The gun buyback program in New Jersey has collected a total of 16,000 firearms to date.

By Jennifer Bradshaw

About 1,800 guns are no longer on the streets and in the homes of Middlesex County residents.

That was the meat of a press conference on Wednesday morning to announce the results of the Middlesex County operation of the state's Gun Amnesty Program.

This past weekend, 610 firearms were turned in at Sacred Heart Parish in New Brunswick; 874 firearms were turned in at Sayre Woods Bible Church in Old Bridge; and 357 firearms were surrendered at Cathedral International in Perth Amboy, said Acting Middlesex County Prosecutor Andrew C. Carey, who called the selection "an incredible amount of weapons."

Tables overflowed with handguns, semi-automatic weapons and hundreds of rifles and shotguns at the Middlesex County Prosecutor's Officer Training Center in Edison, while Middlesex County Prosecutor's Office Investigator James Napp showed off some of the more unusual weapons turned in. 

170 of the weapons collected were illegal, due to modifications or large magazine capacity. 800 of them were handguns, according to Hoffman. 

"Thanks to the strong desire of people here and throughout the state to make their homes and neighborhoods safer, there are nearly 16,000 fewer deadly firearms circulating out there – nearly 16,000 fewer ways to maim or kill someone," Hoffman said. 

Among the surrendered weapons were assault rifles, homemade shotguns, TEC-9 and TEC-22 semi-automatic handguns, military-grade AR-15 rifles and a Thompson 45 Rifle, which is an "extremely rare" weapon, Napp said. 

Over two days, residents could bring their firearms to the drop-off spots to surrender them without any questions or stipulations and receive as much as $250 each up to three guns. 

A total of 1,800 weapons were turned in, and $266,000 was paid out, Hoffman said.
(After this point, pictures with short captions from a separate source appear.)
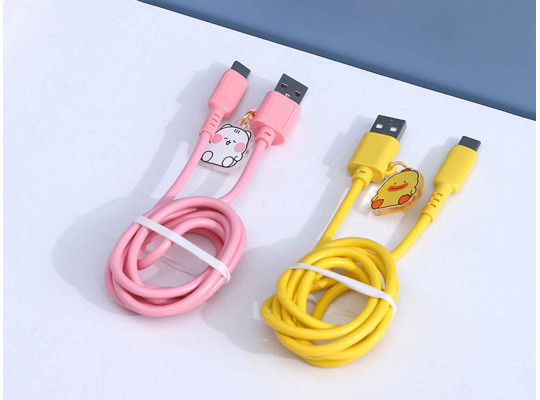 Accessories for smartphone XIMI 6939837611650 USB CABELE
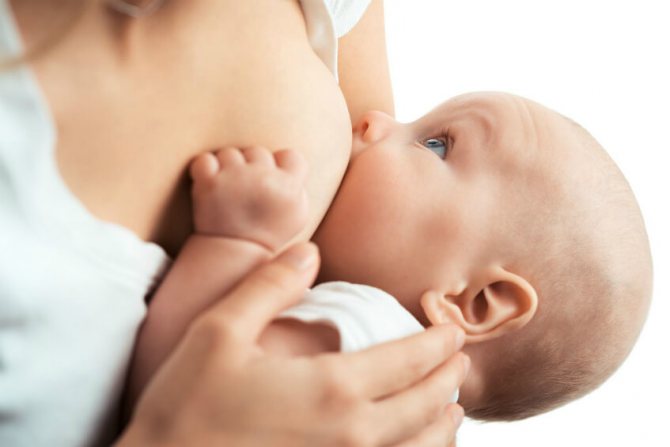 how to make breast milk fatty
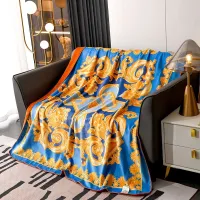 $64.00 USD Versace Blanket #1406352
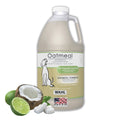 Wahl USA Dry Skin & Itch Relief Pet Shampoo for Dogs – Oatmeal Formula with Coconut Lime Verbena Scent & Pet Friendly Formula, 24 Oz - Model 820004A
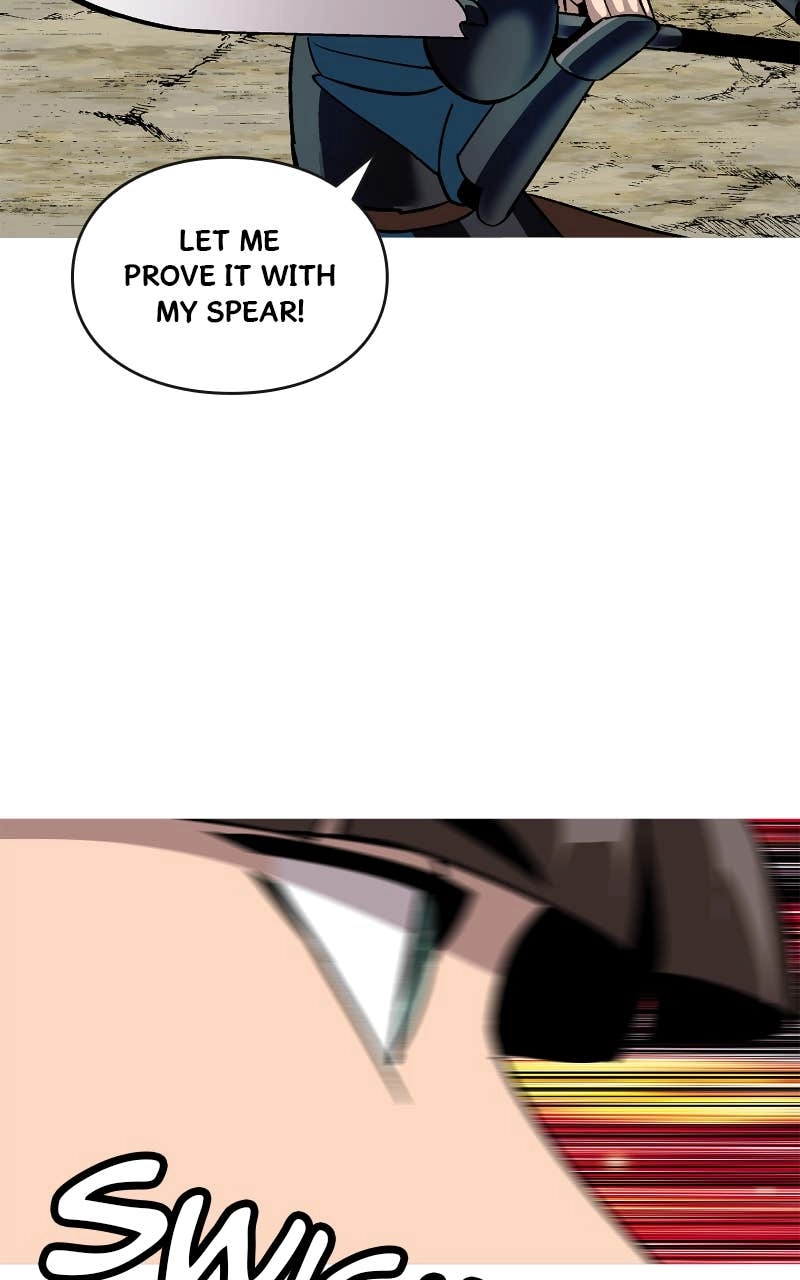 The Story of a Low-Rank Soldier Becoming a Monarch Chapter 46 Page 70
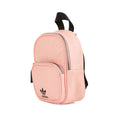 Adidas Mini PU Leather Backpack (Pink) - DistriSneaks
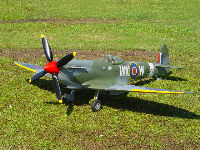 Bills Spitfire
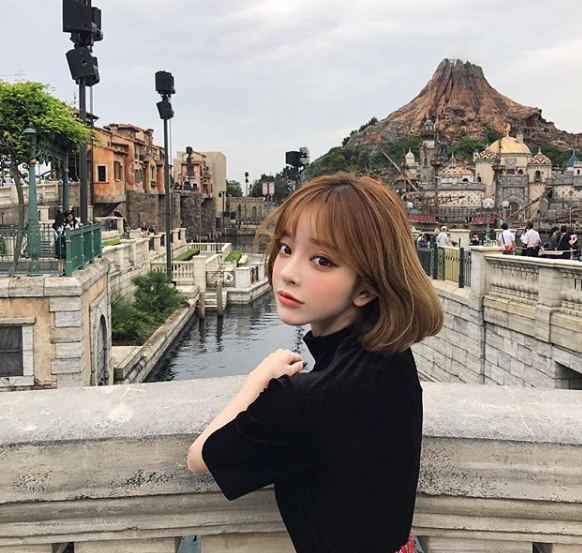 Kang Tae Ri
The money paid for the guns came from criminal forfeiture funds that were seized in other criminal investigations, and not from tax dollars, Hoffman said. 

The gun amnesty program has been held 10 times thus far in counties around New Jersey and in total has brought in 16,000 weapons, Hoffman said. 

Buybacks are not the only way to reduce gun violence in New Jersey, Hoffman said, but they are a key part of the overall plan. 

Based on the reaction the buybacks have been getting around the state, the "majority" of New Jersey residents support the buybacks, he said. 

Nearly all of the weapons collected are to be destroyed, with the exception of guns with potential historical value, such as the Thompson 45 Rifle, Hoffman said.

Those weapons are offered to museums run by the state or the FBI, he said.